Sub-Millisecond VM Sandboxes: Applying fork() Semantics at the Hypervisor Level
Source: hackernews
The serverless cold-start problem is well-trodden territory, but most solutions attack it from the wrong end. You can optimize container images, trim dependencies, use provisioned concurrency, or switch to a compiled language. Fewer approaches go one level deeper and apply fork() semantics to the entire virtual machine.
That is the core idea behind zeroboot, a project by Adam Miribyan published in March 2026. It uses Firecracker microVMs not as lightweight containers to boot per-request, but as a substrate to snapshot once and then clone repeatedly using Copy-on-Write memory. The result is sandbox startup in under a millisecond, with Python and numpy already initialized and waiting.
The Cold-Start Numbers That Make This Worth Solving
To understand why this matters, the baseline numbers are worth stating plainly.
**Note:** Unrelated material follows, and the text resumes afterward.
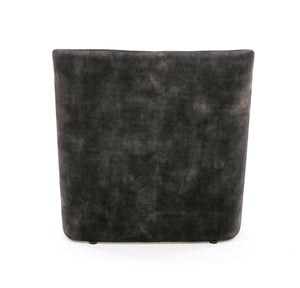 VIG Furniture Modern Jarvis Accent Chair Dark Grey Distressed Fabric — Armless Curved Minimalist Seat, No Assembly VGBN-EC-258-DG-CH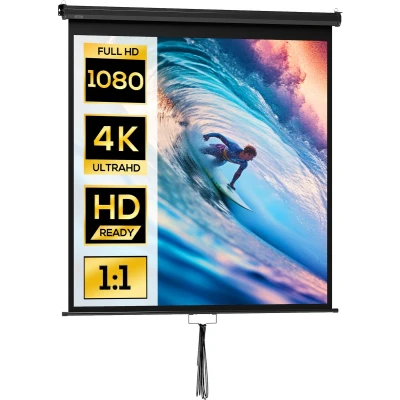 Afbeelding van HOMCOM Projectiescherm Plastic 162,5x8x162cm Zwart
A minimal Firecracker microVM boot takes roughly 125ms according to AWS’s own benchmarks. That covers kernel boot, init, and getting to a usable userspace. Python startup adds another layer: importing numpy alone can cost 50-200ms depending on the hardware and whether the libraries are warm in the filesystem cache. For a sandbox that runs untrusted user code, you pay all of this on every invocation.
If you are running a code execution service, a multi-tenant compute platform, or something like a Discord bot that lets users run Python snippets, that latency budget is painful. You end up maintaining pools of pre-warmed VMs, which means paying for idle capacity, or you eat the cold-start cost and make your users wait.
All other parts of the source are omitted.